Mello procurou afastar leituras precipitadas sobre calendário de cortes, lembrando que não integra a diretoria do BC e que não dispõe dos instrumentos para julgar decisões internas. Sobre a atuação da autoridade monetária, ele afirmou, “Tenho consciência que o BC tem feito um trabalho importante. É um trabalho técnico, informado. É um tema que o copom tem de decidir. Iniciou que vai iniciar o movimento de flexibilização. Qual magnitude, eles que vão informar com base nas melhores informações que tiverem”, afirmou Mello.
Perfil, formação e percurso profissional
O economista Guilherme Mello tem formação acadêmica sólida, com graduação em Ciências Sociais pela Universidade de São Paulo, e Ciências Econômicas pela Pontifícia Universidade Católica de São Paulo. Ele também é mestre em Economia Política pela PUC-SP, e doutor em Ciência Econômica pela Universidade Estadual de Campinas.
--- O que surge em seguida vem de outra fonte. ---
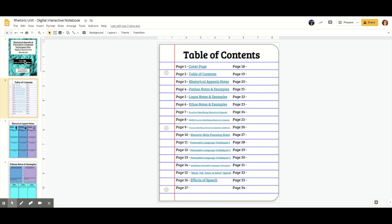So if you look, the cover page is page one, the table of contents is page two, which means as I go down, we just add one.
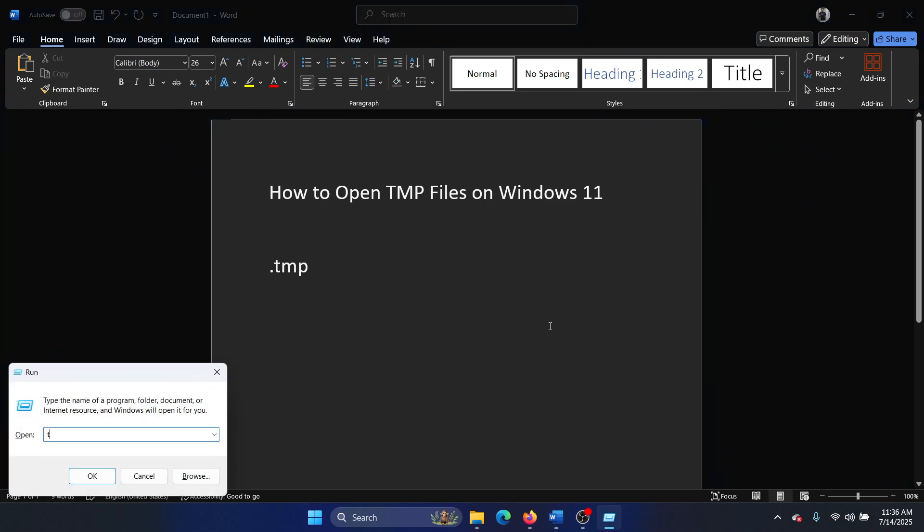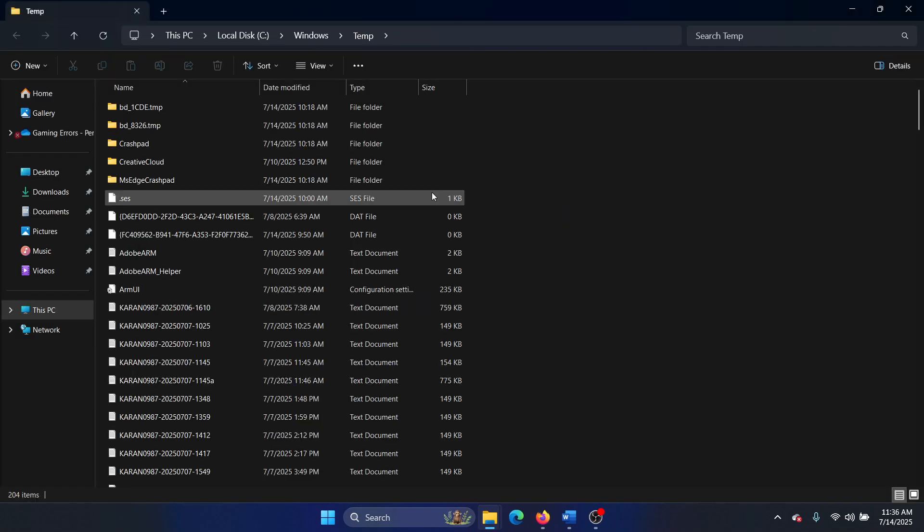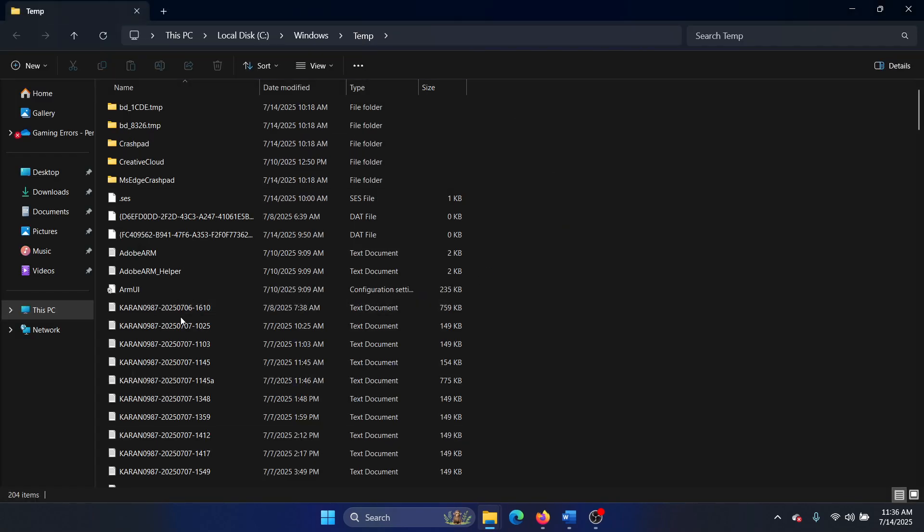Type the command temp and hit enter. It will ask for administrative permissions, and then you will be inside the temporary folder. Now, how would you open these temporary files? See, a few of these are text documents.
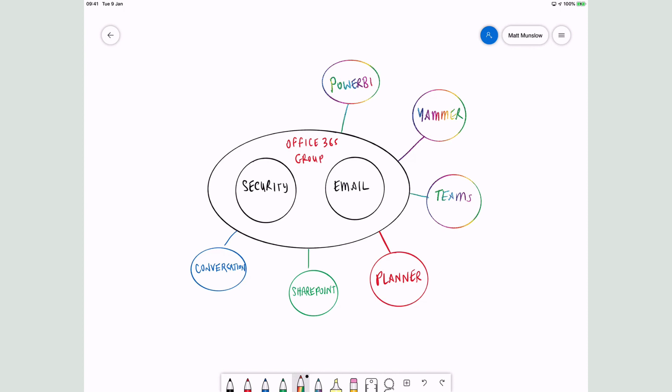So that's your quick overview of Office 365 groups and why they're important for SharePoint. If you like this video, please like and subscribe. I'll see you next time. Bye.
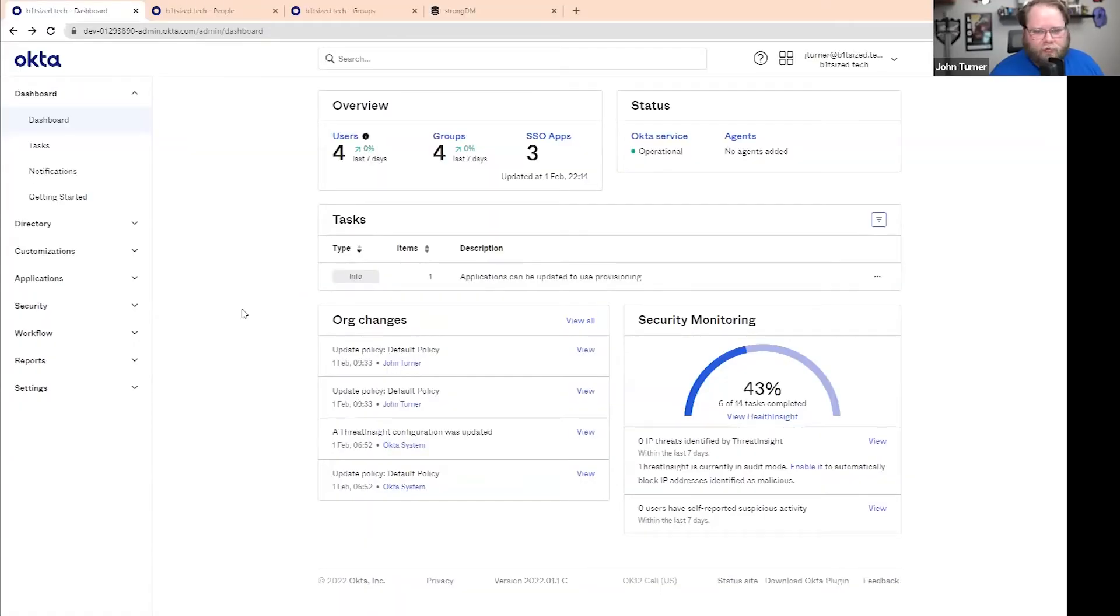Today, we're going to use the example of Okta for your SCIM integration. One of the first things I like to do and I like to walk our customers through is thinking through your permissions levels.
No ministério, Mello atua como secretário de Política Econômica, cargo em que participou da elaboração de projeções, estudos e proposições legislativas, atividades citadas por ele ao justificar disponibilidade para assumir novas funções.
O que está em jogo na diretoria de Política Econômica
A vaga para diretor de Política Econômica foi aberta após a saída, no início do ano, de diretores indicados pelo governo anterior, e a diretoria do Banco Central já conta com maioria de integrantes indicados pela atual gestão desde 2025.
A posição tem papel relevante no Comitê de Política Monetária, o Copom, cabendo ao diretor apresentar cenários macroeconômicos, projeções e recomendações, e propor um nível para a taxa básica de juros, a Selic.
Recentemente o Banco Central sinalizou que iniciará cortes na Selic já em março, no próximo encontro do Copom, o que torna ainda mais sensível a discussão sobre o perfil dos indicados para a diretoria.
Próximos passos e posicionamentos oficiais
Até o momento, não houve convite formal do presidente a Guilherme Mello, e o próprio economista reiterou que não comenta o assunto enquanto não houver nomeação oficial. O presidente do Banco Central, Gabriel Galípolo, já disse que não comenta prerrogativas do presidente da República sobre indicações, e que o tema cabe ao Palácio do Planalto.
O cenário seguirá em observação pelos mercados e agentes econômicos, que aguardam a posição oficial do governo sobre a indicação, e eventuais desdobramentos nas decisões do Copom sobre a trajetória da taxa de juros.